The next morning, with the deer still in our hatchback and still dead, it was my turn to ante up. I drove to a butcher shop out in the countryside and parked outside the main building. Resolute and strong, I approached the counter. I really did know these country ways, after all!
After ascertaining the legality of the kill, the man behind the counter said, “So how would you like it cut?”
Ummm. How would I like it cut? “Well, I’d like it mostly ground in one-pound packages,” I said tentatively.
“You want the hams butterflied?” He said. “’Course, it’s up to you.”
Butterflied hams? Was that like bacon with wings or something? Busted! Seconds passed, and I knew I had to ‘fess up.
“Okay, I said humbly, “I really don’t know what I’m doing. It that’s what most people get, then that’s what I want─butterflied hams and the rest ground.” He kindly kept his thoughts to himself and wrote up the order.

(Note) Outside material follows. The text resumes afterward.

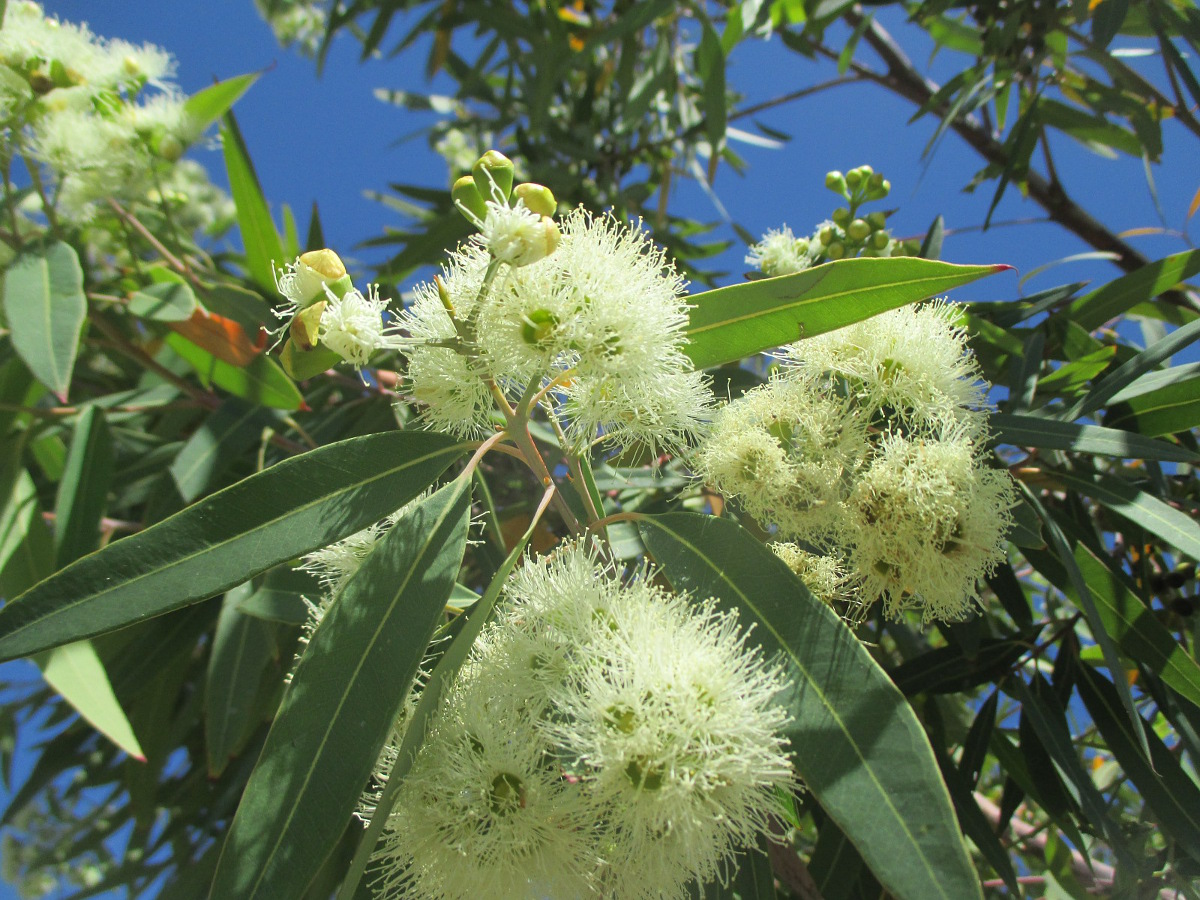 Изображение особи Eucalyptus curtisii.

“And, oh,” I added, “the hunter wants you to save the head.” He nodded his acknowledgement without flinching.
Mission accomplished! All that remained of my new adventure in rural living was picking up the meat in a couple days. When I returned, I received neatly wrapped and labeled packages of meat, flash-frozen and ready for my freezer. As I wrote the check, I mentally calculated how much I was paying per pound. Not bad, I thought─and for such healthy, low-fat meat, too. I turned to leave and the man said, “The head is out in the shed.”
Oh yeah. The head. Gross.
“Look, would you mind putting it in a trash bag and taking it out to my car for me?” I asked, hoping my pitiful glance would soften his heat. It worked. I didn’t have to look at the disembodied head, which I delivered forthwith to the hunter.
These rural life things take time. Now I’m trained and ready for that kind of thing.
The venison was fantastic. For months, my family never knew whether I was serving round venison, ground beef, ground turkey , or any combination thereof. We played “guess what meat this is” around the dinner table. The butterflied ham steaks were delectable─a culinary delight.
This event took place many years ago, and this former city girl has made the central Shenandoah Valley her home for over 25 years now. I don’t miss suburban living one tiny bit. In my book, living here beats suburban living by a coon’s age, whatever that is.
So if you know any hunters with freezer space for meat, just tell them to give me a holler. I’ll be right over.